GIVEN RECORDS
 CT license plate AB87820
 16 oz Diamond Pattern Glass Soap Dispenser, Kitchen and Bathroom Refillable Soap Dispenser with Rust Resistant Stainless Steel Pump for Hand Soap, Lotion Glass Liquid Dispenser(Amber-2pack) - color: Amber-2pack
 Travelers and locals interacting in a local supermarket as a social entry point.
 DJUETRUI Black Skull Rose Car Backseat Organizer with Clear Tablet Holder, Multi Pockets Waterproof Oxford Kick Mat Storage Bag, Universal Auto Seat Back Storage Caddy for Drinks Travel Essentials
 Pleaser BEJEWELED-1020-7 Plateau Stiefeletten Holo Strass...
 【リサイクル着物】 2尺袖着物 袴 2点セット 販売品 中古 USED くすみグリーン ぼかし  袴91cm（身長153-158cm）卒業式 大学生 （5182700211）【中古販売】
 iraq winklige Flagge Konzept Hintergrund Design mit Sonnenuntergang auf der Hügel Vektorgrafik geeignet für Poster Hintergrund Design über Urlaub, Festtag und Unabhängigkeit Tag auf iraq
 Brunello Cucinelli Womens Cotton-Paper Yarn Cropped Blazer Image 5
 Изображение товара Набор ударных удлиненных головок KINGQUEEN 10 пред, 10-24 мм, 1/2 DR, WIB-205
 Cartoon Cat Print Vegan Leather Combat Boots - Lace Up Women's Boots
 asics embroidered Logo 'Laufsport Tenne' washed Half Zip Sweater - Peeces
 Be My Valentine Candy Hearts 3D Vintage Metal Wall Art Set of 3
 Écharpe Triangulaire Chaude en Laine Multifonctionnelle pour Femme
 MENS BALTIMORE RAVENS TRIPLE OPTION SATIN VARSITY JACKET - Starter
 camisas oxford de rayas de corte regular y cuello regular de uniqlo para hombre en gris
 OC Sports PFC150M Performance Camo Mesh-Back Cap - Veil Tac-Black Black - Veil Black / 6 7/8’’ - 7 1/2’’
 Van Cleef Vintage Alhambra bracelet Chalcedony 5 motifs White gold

ASSIGNED TASK
Please find all lines of the entries that hold the string "Black" and copy them.

THE COMPLETED TASK
 DJUETRUI Black Skull Rose Car Backseat Organizer with Clear Tablet Holder, Multi Pockets Waterproof Oxford Kick Mat Storage Bag, Universal Auto Seat Back Storage Caddy for Drinks Travel Essentials
 OC Sports PFC150M Performance Camo Mesh-Back Cap - Veil Tac-Black Black - Veil Black / 6 7/8’’ - 7 1/2’’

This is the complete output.